The SFC continues progress toward full implementation of its enhanced regulatory framework for over‑the‑counter derivative (OTCD) transactions in Hong Kong. Since September 29, 2025, the SFC has required all specified OTCD transactions be reported to the Hong Kong Trade Repository.

Another forthcoming element or the framework is the expanded Type 9 licensing regime, which will apply to asset managers overseeing portfolios containing OTCDs. While the effective date has not been announced, a six‑month transition period is expected.

The final component involves proposed amendments to the Financial Resources Rules. LCs managing portfolios with OTCD products may face variable and potentially volatile capital requirements, reflecting market and counterparty credit risks arising from these transactions.

As the regime moves toward full implementation, LCs should prioritize operational readiness, strengthen compliance processes and prepare for the new reporting, licensing and capital obligations.

 

Singapore

The MAS Issues Anticipated Consultation Paper on Updates to Liquidity Risk Management Practices for Fund Management Companies

In December 2025, the Monetary Authority of Singapore (MAS) issued Consultation Paper P019 2025, proposing targeted updates to the Guidelines on Liquidity Risk Management (LRM) Practices for Fund Management Companies and related amendments to the Collective Investment Schemes (CIS) Code. The consultation closed on February 28, 2026. The proposals aim to clarify MAS’ expectations and align with IOSCO’s revised recommendations and the FSB’s work on margin and collateral preparedness.

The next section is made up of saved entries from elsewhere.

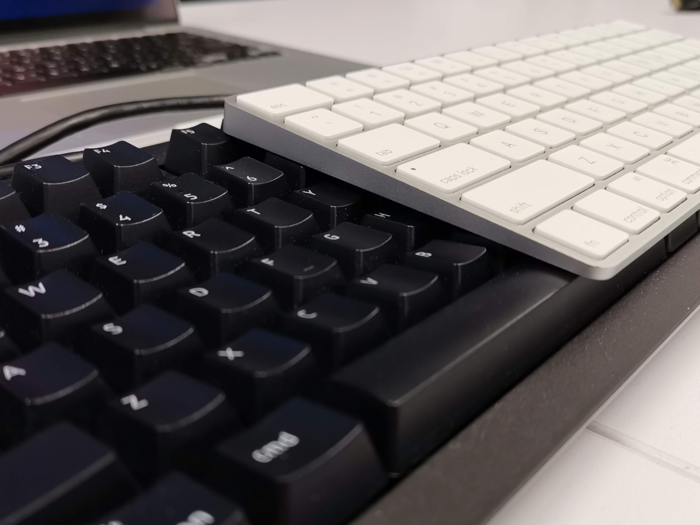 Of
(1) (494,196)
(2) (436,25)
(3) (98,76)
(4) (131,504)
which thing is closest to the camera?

Key proposed updates include the following:

  • Scope Clarification: Removal of exchange-traded funds from the LRM guidelines, because of their distinct structural and liquidity characteristics
  • Product Design and Ongoing Alignment: Requirement for open ended CIS managers to ensure portfolio liquidity matches redemption terms and to strengthen investor disclosures
  • Liquidity Management Toolkit and Governance: Reinforcement of the need for comprehensive liquidity management measures (including anti-dilution tools, or ADTs) and clearer accountability over activation during normal and stressed conditions
  • Money Market Funds (MMFs): Enhanced MMF portfolio liquidity standards, including expectations for eligible deposits with financial institutions
 

MAS Consultation on Proposed Guidelines on AI Risk Management

MAS also consulted on proposed Guidelines on AI Risk Management (issued November 13, 2025) to set supervisory expectations for the responsible use of AI across MAS regulated financial institutions. The consultation closed on January 31, 2026. The guidelines are principle based and intended to be applied proportionately to the AI related risks of each business, with expected focus areas including the following:

  • Governance and Oversight: Board and senior management accountability for AI risk management
  • Risk Management and Life-Cycle Controls: Controls across development, testing, deployment and ongoing monitoring, calibrated to the materiality of AI use cases
  • Capabilities and Capacity: Requirements for adequate resourcing, technical competence and internal capability building to support safe and reliable AI adoption

European Union

ESMA 2026 Work Program

ESMA has published its 2026 work program, outlining planned supervisory activities and outputs for the year. Key investment services related deliverables include the following:

  • Q1 2026: Report on the 2024/2025 Common Supervisory Action (CSA) on MiFID II sustainability topics
  • Q2 2026: Report on 2025 CSA assessing compliance and internal audit functions of UCITS management companies and AIFMs
  • Q2 2026: Report on a holistic review of transactional reporting under MiFIR, EMIR and SFTR
 

T+1 and CSDR

ESMA published its final report proposing major amendments to the settlement discipline Regulatory Technical Standards (RTS) under the Central Securities Depositories Regulation (CSDR). The changes are designed to improve settlement efficiency across the EU, support the transition to a T+1 settlement cycle by October 2027 and reduce administrative burdens for CSDs and market participants.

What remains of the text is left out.